By Peggy Trowbridge Filippone, About.com

The pate combines venison, pork, and chicken livers. The terrine is baked and finished with an orange glaze for an elegant appetizer.

Prep Time: 24 hours, 10 minutes

Cook Time: 2 hours, 30 minutes

Ingredients:

  • 1 pound venison (trimmed weight)
  • 1/2 pound pork belly (trimmed weight)
  • 1/2 pound chicken livers
  • 1 small orange
  • Zest of 1 lemon
  • 2 garlic cloves
  • 1-1/2 tsp fresh thyme (more to taste)
  • Pinch of ground bay leaves
  • 1 tsp freshly ground pepper
  • 1 Tbsp red wine vinegar
  • 1 Tbsp olive oil
  • 1/4 pint red wine
  • 1 tsp unflavored gelatin powder
  • Kumquats for garnish, optional
  • Whole bay leaves for garnish, optional

Preparation:

In a food processor fitted with the metal blade, finely mince each of the meats by pulsing at 1 second intervals. Scrape into a large bowl.

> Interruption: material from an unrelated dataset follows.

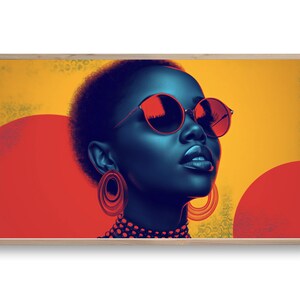 Samsung Frame TV Art | Beautiful High Contrast African Art | DIGITAL Download Painting | Portrait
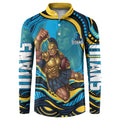 Personalized North Queensland Cowboys Button Sweatshirt Aboriginal Dot Art - Dreamtime Rugby Mascot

Zest the orange and lemon. Add the zest to the meat. Juice the remaining orange pulp into a separate bowl and reserve. (Discard the remaining lemon pulp or reserve to use for other purposes.)

Add garlic, thyme, olive oil, vinegar, powdered bay leaf, and black pepper to the minced meat. Mix thoroughly. Add the red wine, and mix again. Marinate the meat mixture overnight in a tightly-covered container.

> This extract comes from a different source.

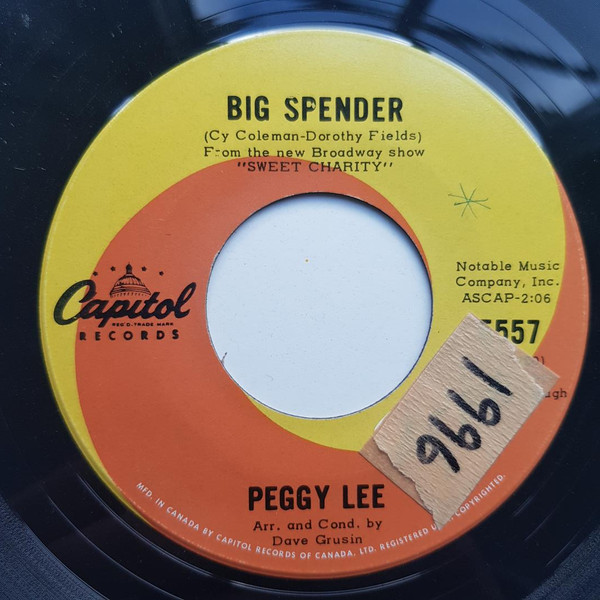 Peggy Lee – Big Spender (1965, Scranton Pressing, Vinyl) - Discogs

Preheat oven to 325 degrees F (160 degrees C / Gas mark 3).

Season marinated meat mixture with salt, and turn into a 2-1/4 pint glass loaf pan. Press mixture evenly into all corners of the pan. Make a slight depression in the center of the loaf. Press a piece of non-stick foil inside the loaf pan to touch the top of the mixture, tightly crimping the edges around the outside of the loaf pan to make a seal. Place covered loaf pan inside a larger roasting pan. Pour hot water into the larger pan halfway up the side of the loaf pan. Bake for 2-1/4 to 2-1/2 hours.

Remove the foil cover. With a bulb baster, remove and reserve most of the accumulated juices from the pate loaf. Replace the foil and place 2 pound weights on top of the foil to compress the pate. Chill for 2 hours. Drain any remaining juice and add to previously reserved liquid.

Pour reserved liquid into a 2-cup (1 pint) glass measuring cup. Add orange juice and water (if necessary) to measure 1 cup. Dissolve gelatin in orange mixture.

Glaze the inverted pate with the gelatin orange mixture on a serving plate. Garnish with kumquats and whole bay leaves, if desired.